A few years ago when I was a new parishioner at a big church, I grew incredibly frustrated at the slow or non-existent response to my e-mails and offers to help. I was studying theology, passionate about church in the changing religious landscape and home with two little kids. I had time on my hands and pent up vision and energy. I know that the pastors were insanely busy but they also missed gaining a very willing volunteer. I ended up putting that energy into graduate studies and becoming a pastor myself.
Now, I am on the other end. I receive a lot of emails and requests for my attention. I have many balls in the air at one time and sometimes one or two require more focused attention than the others, meaning I need to put off responding to others.
However, my experience haunts me. I know what it’s like to be waiting for an e-mail from someone in an influential position, and even though you may know how busy they are, it hurts when your deep concern isn’t on the top of the list. So, I do my very best to respond quickly and if I don’t, to apologize for my delayed response.
My friend Ken Evers-Hood has done some fascinating research connecting game theory with church leadership. One thing that he found is that how leadership rewards and punishes behavior is correlated to church growth. He says,
What is absolutely clear from this study is that leaders should reflect consciously on the ways they reward and punish the people around them. Church leaders’ rewarding behavior is usually pretty obvious — public thank-yous, for instance. But we may not realize the subtle, unhealthy ways we punish one another — being slow to respond to emails or voice mails, using “distancing” body language in meetings, sitting apart from people we wish to discourage.
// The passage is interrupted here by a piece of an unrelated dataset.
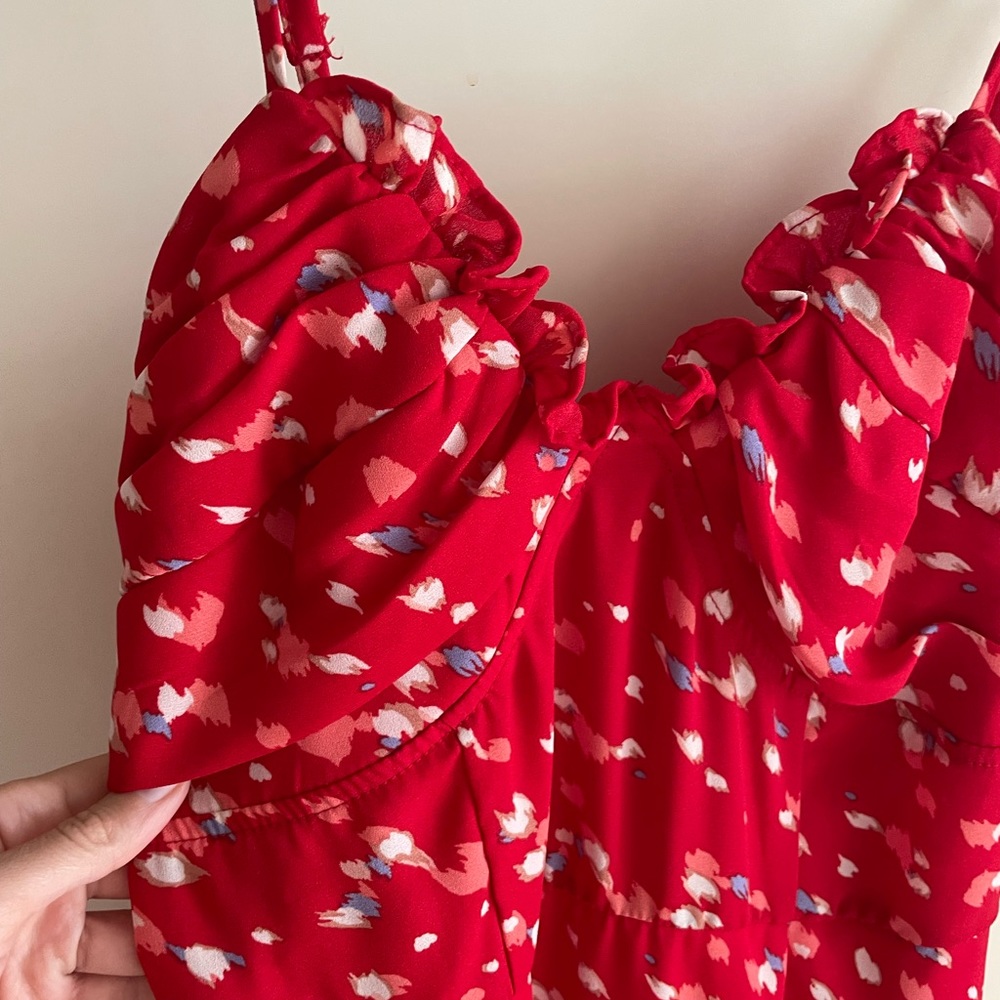MIDI red dress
I was taken with what Ken calls the “subtle, unhealthy ways we punish one another.” Those can be more powerful than the more obvious rewards in a community. As an introvert, this has been a growing edge, but I have learned that timely response, listening and initiating connection makes a huge difference. Taking the time to write a note, invite someone for coffee, or letting others know you see them goes a long way to helping people feel safe, seen and important. It increases participation and ownership in the work of the community and gives feet and fuel to the passions of others.
Most leaders don’t want to think of themselves as a person of power. However, the leaders that don’t acknowledge their power use it irresponsibly. They either lord it over everyone while claiming they have no power which makes it difficult to name how they may be abusing their power. Or they shrink back from response because they truly don’t believe they can make a difference and leave others around them unsure and guessing. Or they vacillate between the two responses which breeds resentment.
Leadership is a sacred gift that none of us deserve. However, ambivalence about it serves no one but ourselves. When we find ourselves in leadership, it requires faithful, intentional care and investment to bless those who we lead and help them to find who they are called to be.